▶ Assignment
Once the line with "this 640×480 image." is found, write it out along with every line after it, exactly, up to the last line of the entries below. Exclude pictures.
┌─ Provided records
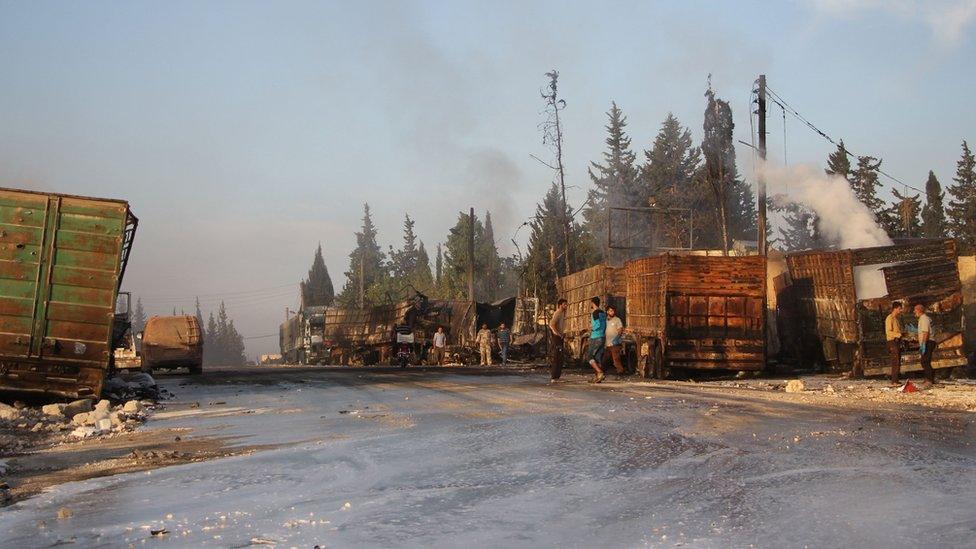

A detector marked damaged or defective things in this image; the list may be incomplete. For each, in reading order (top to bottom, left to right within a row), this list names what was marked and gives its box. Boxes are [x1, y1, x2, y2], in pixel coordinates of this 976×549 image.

charred metal sheet [0, 188, 135, 398]
burned truck [0, 188, 137, 398]
burnt truck frame [0, 188, 137, 398]
rusted truck cargo bed [0, 188, 137, 398]
damaged truck [0, 188, 138, 398]
rusted truck cargo bed [624, 254, 772, 374]
burned truck [624, 253, 772, 376]
burnt truck frame [624, 253, 772, 376]
burned truck [780, 240, 964, 376]
burnt truck frame [780, 240, 964, 376]
damaged truck [784, 240, 968, 376]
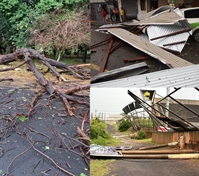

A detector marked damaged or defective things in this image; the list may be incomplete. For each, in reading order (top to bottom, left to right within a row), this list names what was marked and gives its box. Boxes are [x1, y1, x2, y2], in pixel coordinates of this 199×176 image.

damaged roof structure [91, 5, 198, 85]
torn roof [105, 28, 193, 68]
torn roof [91, 64, 199, 87]
damaged roof structure [123, 88, 199, 132]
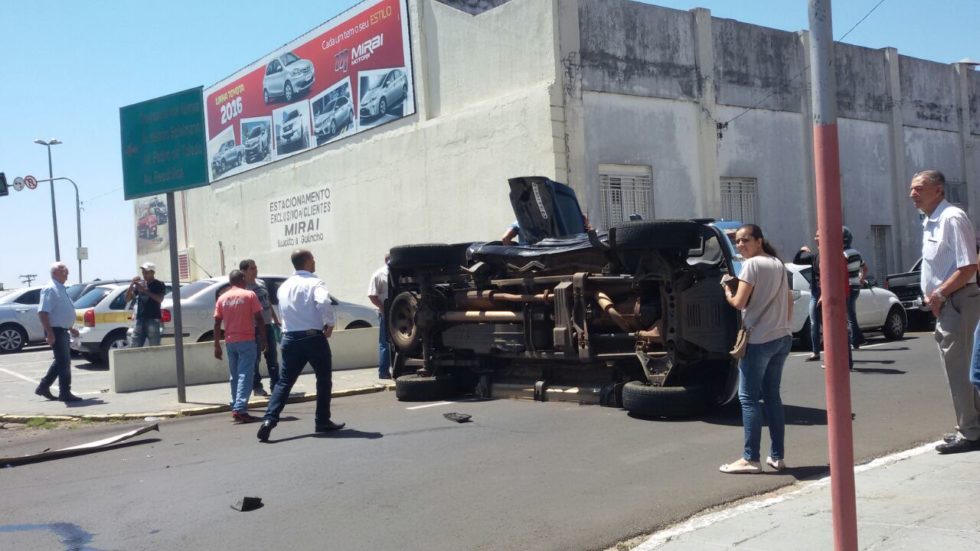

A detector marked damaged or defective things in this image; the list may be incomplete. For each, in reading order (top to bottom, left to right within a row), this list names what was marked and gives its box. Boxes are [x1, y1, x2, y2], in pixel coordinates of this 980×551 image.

overturned pickup truck [386, 178, 740, 418]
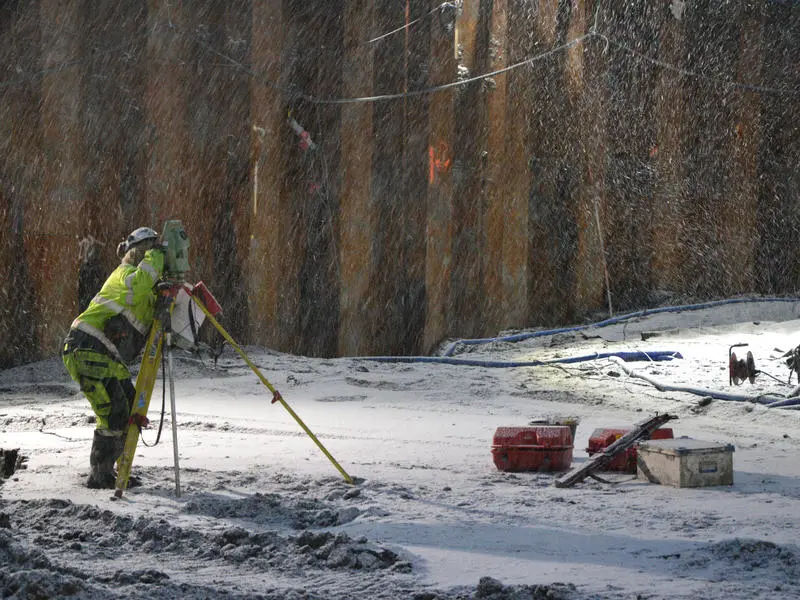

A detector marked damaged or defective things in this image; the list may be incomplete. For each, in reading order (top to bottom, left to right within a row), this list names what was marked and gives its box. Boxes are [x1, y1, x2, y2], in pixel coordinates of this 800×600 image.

rusty sheet pile wall [0, 2, 796, 366]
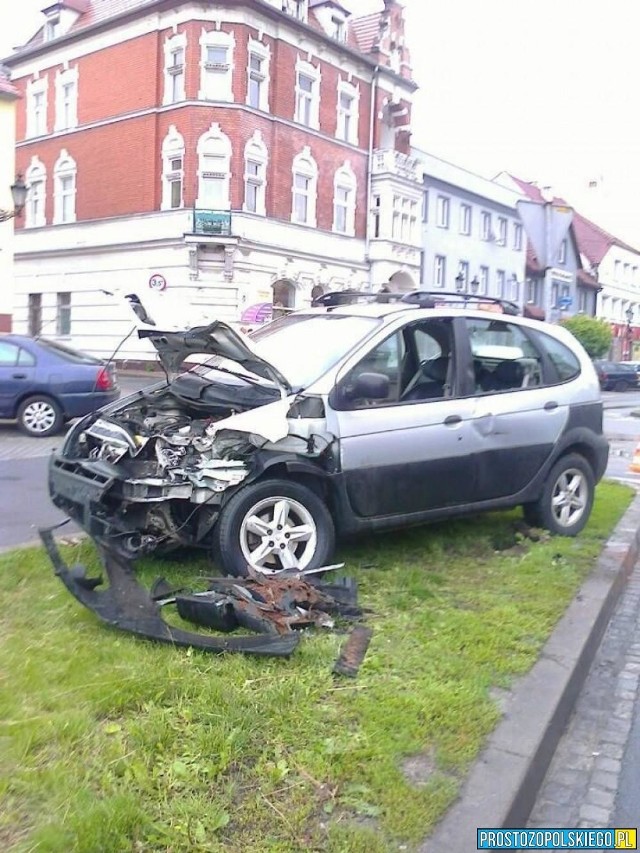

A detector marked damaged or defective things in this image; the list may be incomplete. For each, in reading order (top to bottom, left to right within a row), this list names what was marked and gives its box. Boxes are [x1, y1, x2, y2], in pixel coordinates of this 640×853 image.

crushed car hood [138, 322, 292, 392]
wrecked silver car [47, 290, 608, 576]
broken car debris [40, 524, 370, 668]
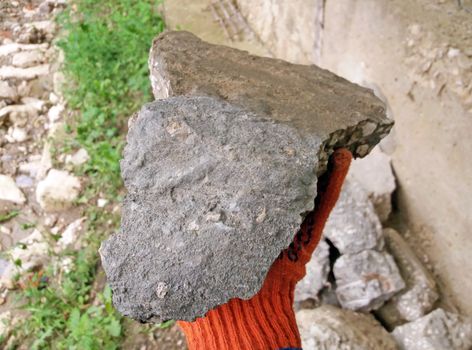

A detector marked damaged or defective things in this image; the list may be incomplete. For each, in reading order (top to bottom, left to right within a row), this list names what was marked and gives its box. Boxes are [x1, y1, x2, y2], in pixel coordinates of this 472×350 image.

broken concrete chunk [149, 31, 392, 172]
broken concrete chunk [101, 32, 392, 322]
broken concrete chunk [322, 179, 386, 253]
broken concrete chunk [348, 146, 396, 221]
broken concrete chunk [294, 239, 330, 302]
broken concrete chunk [332, 250, 406, 310]
broken concrete chunk [376, 228, 438, 326]
broken concrete chunk [296, 304, 396, 348]
broken concrete chunk [392, 308, 472, 350]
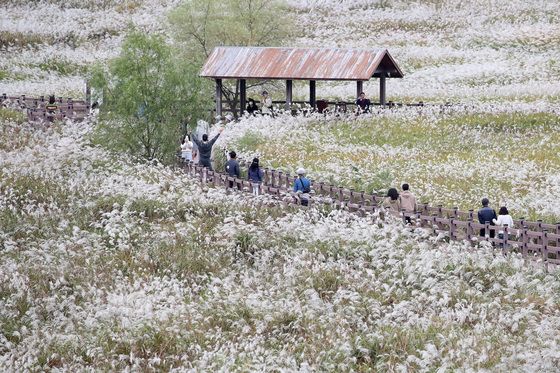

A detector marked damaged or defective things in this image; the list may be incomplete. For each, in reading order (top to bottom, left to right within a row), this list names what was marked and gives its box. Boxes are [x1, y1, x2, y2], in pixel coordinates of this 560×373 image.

rusty metal roof [200, 46, 402, 80]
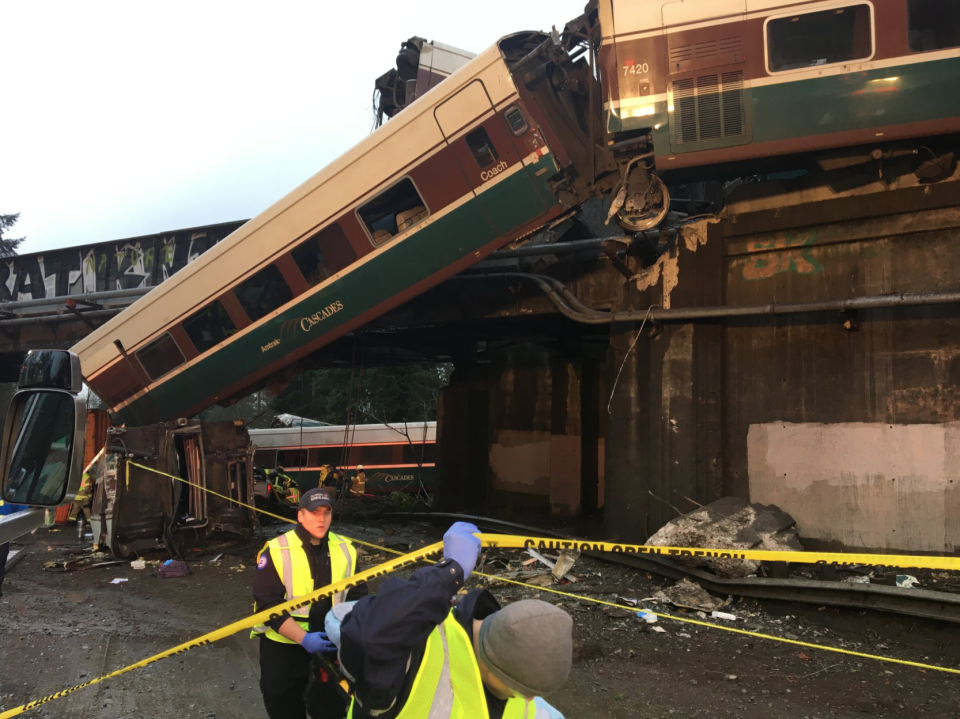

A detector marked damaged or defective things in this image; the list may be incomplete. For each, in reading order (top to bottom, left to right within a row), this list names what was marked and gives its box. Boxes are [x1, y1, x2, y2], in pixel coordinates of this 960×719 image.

damaged rail [382, 512, 960, 624]
broken concrete [644, 496, 804, 580]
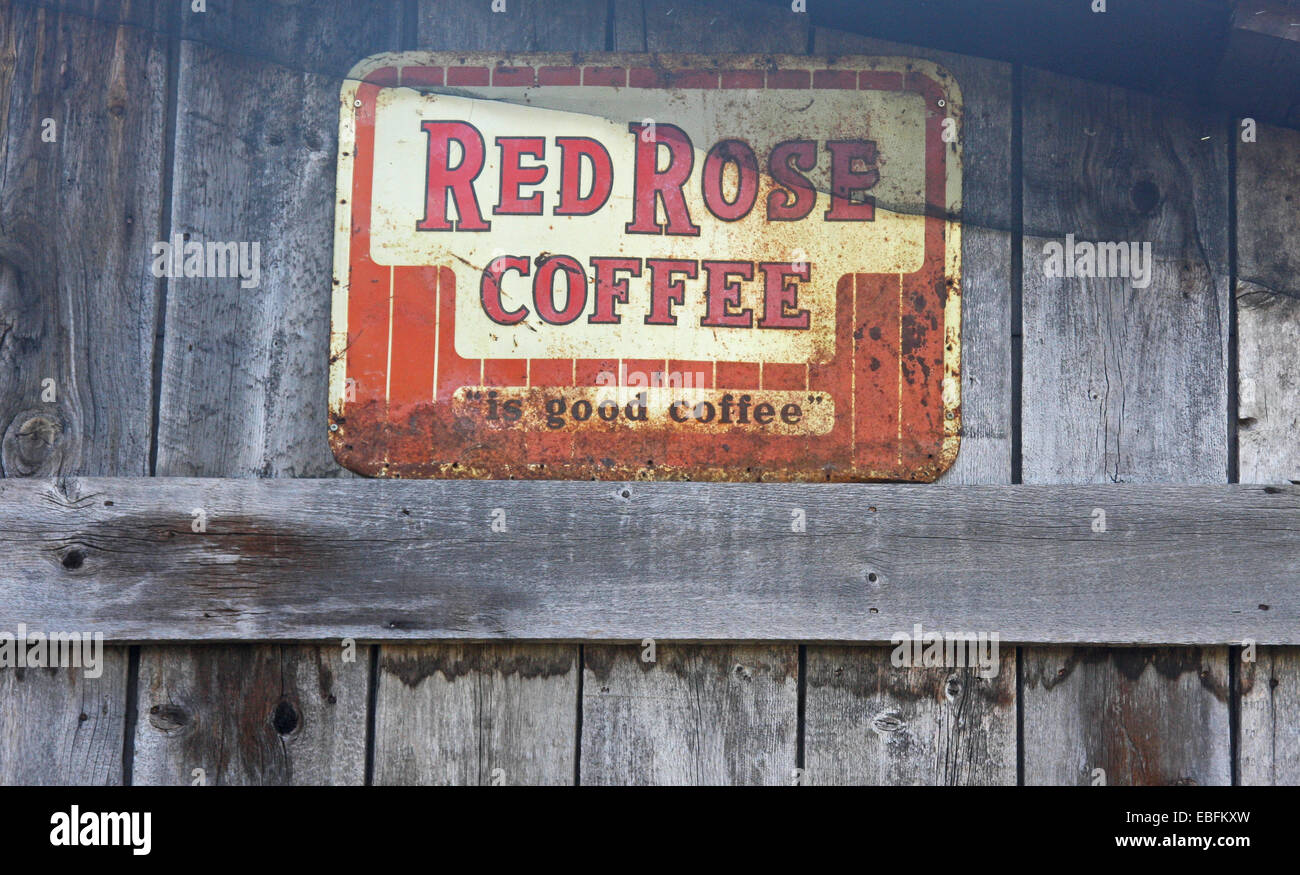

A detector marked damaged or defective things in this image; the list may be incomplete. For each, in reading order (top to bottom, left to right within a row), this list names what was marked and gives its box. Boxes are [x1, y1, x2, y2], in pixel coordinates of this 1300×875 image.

corroded metal [330, 51, 956, 482]
rusty metal sign [330, 52, 956, 482]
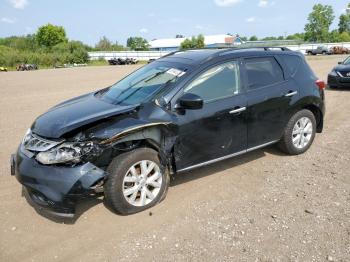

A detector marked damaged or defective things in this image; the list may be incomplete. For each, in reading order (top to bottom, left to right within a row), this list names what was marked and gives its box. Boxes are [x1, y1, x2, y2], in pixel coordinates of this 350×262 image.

crumpled hood [31, 92, 137, 138]
broken headlight [35, 141, 94, 164]
damaged bumper [11, 146, 106, 218]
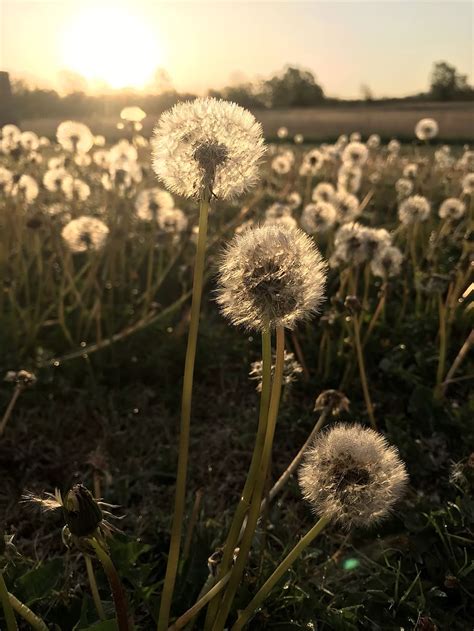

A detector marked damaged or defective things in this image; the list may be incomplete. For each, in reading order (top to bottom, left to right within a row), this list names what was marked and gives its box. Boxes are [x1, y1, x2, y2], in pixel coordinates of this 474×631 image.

dandelion head with missing seeds [152, 97, 264, 200]
dandelion head with missing seeds [215, 223, 326, 334]
dandelion head with missing seeds [300, 424, 408, 528]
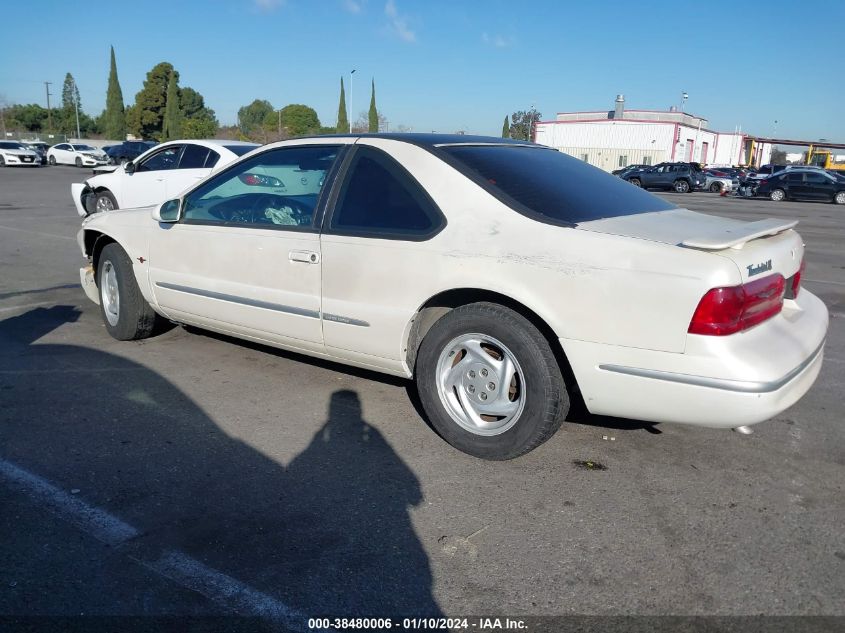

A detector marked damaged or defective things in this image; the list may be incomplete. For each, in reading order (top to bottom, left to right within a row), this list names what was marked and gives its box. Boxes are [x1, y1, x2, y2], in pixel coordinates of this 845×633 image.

damaged white car [71, 139, 258, 216]
damaged white car [76, 135, 828, 460]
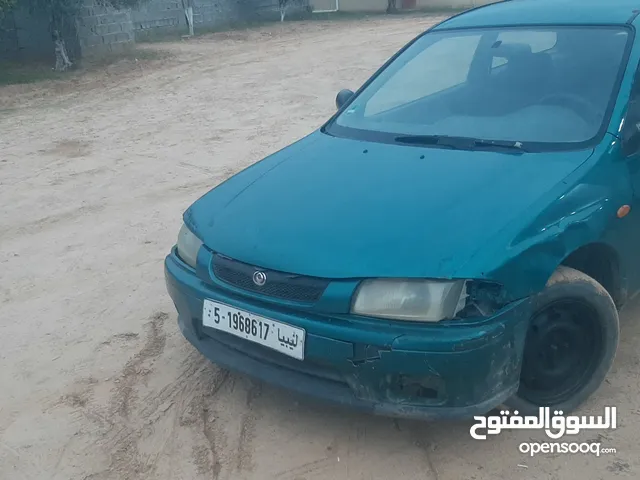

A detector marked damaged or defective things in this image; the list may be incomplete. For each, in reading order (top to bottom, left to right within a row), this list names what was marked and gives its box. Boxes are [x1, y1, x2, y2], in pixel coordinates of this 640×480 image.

cracked headlight [176, 223, 201, 268]
cracked headlight [352, 278, 468, 322]
damaged front bumper [164, 251, 528, 420]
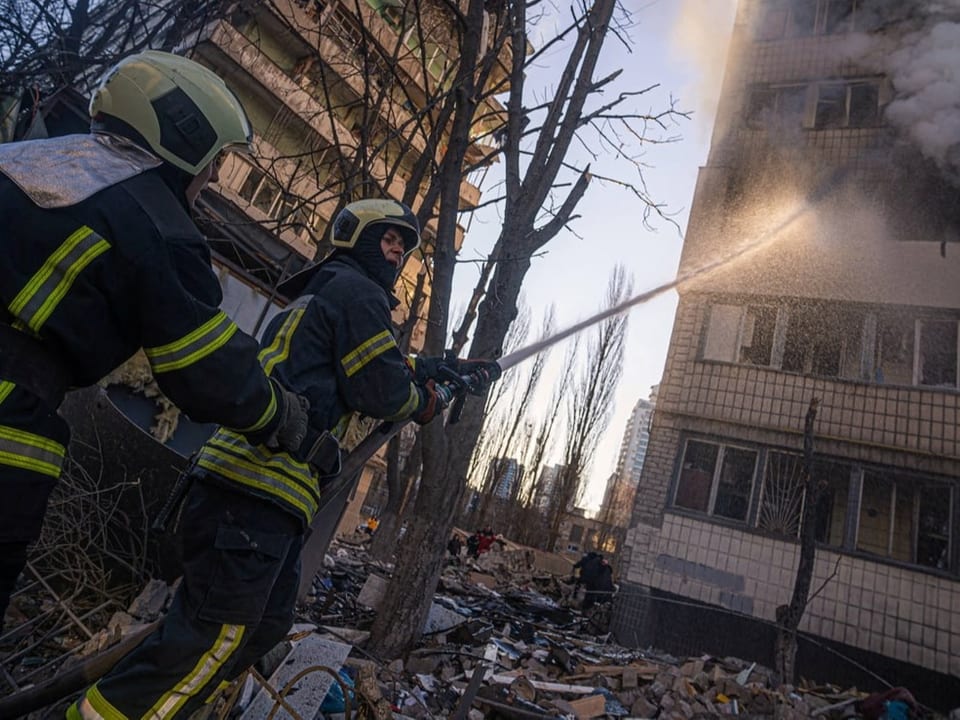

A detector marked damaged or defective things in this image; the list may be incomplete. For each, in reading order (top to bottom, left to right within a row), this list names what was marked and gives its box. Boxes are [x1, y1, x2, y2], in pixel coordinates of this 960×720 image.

broken window [748, 84, 808, 129]
broken window [812, 80, 880, 129]
damaged apartment building [616, 0, 960, 708]
broken window [780, 306, 864, 380]
broken window [916, 320, 952, 388]
broken window [676, 438, 756, 524]
broken window [756, 450, 848, 544]
broken window [860, 470, 948, 572]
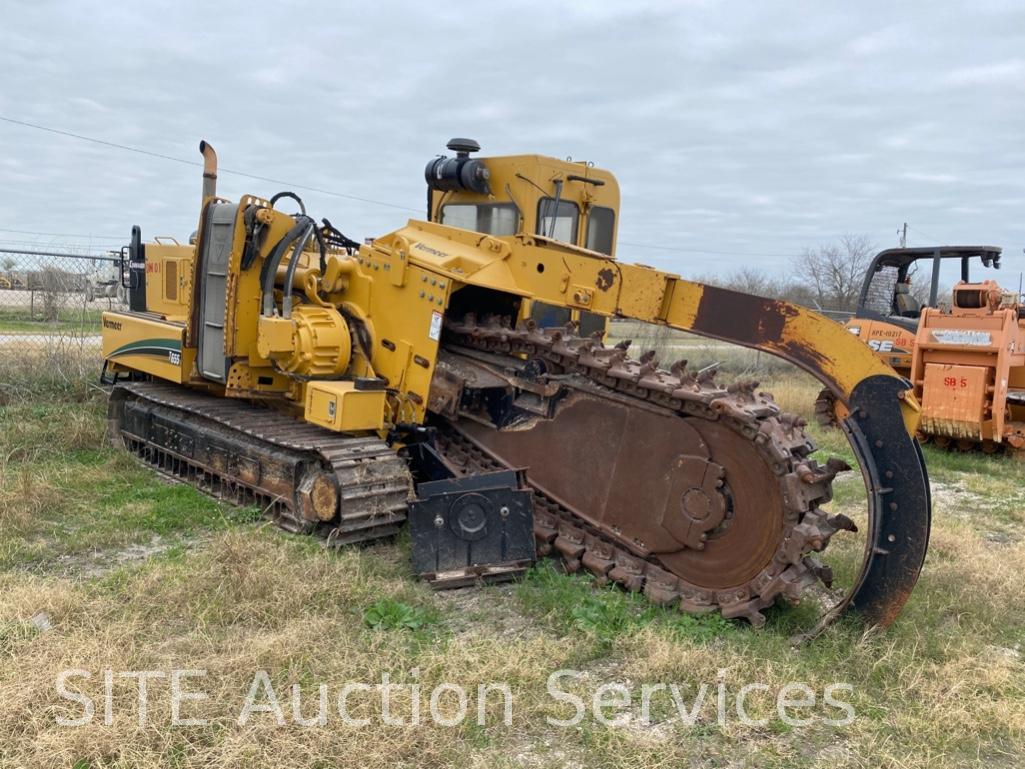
└─
▶ Solution below
A detector marked damaged or defective things in this image; the list may be incomplete. For each, in reading order (top to bottom, left to right within a row), this list names what was marked and gives its box. Boxes are [x1, y1, x2, y2], in pixel coordinates of this 640×480 image.

cracked headlight [176, 223, 201, 268]
cracked headlight [352, 278, 468, 322]
damaged front bumper [164, 251, 528, 420]

A detector marked damaged or defective things in this image; the list may be incomplete. For each, in reading order (top to bottom, left to right within a row), this list names what was marked and gives its box. Boxes are [x1, y1, x2, y2], in pixel coordinates of this 960×720 image.

broken window [748, 84, 808, 129]
broken window [812, 80, 880, 129]
damaged apartment building [616, 0, 960, 708]
broken window [780, 306, 864, 380]
broken window [916, 320, 952, 388]
broken window [676, 438, 756, 524]
broken window [756, 450, 848, 544]
broken window [860, 470, 948, 572]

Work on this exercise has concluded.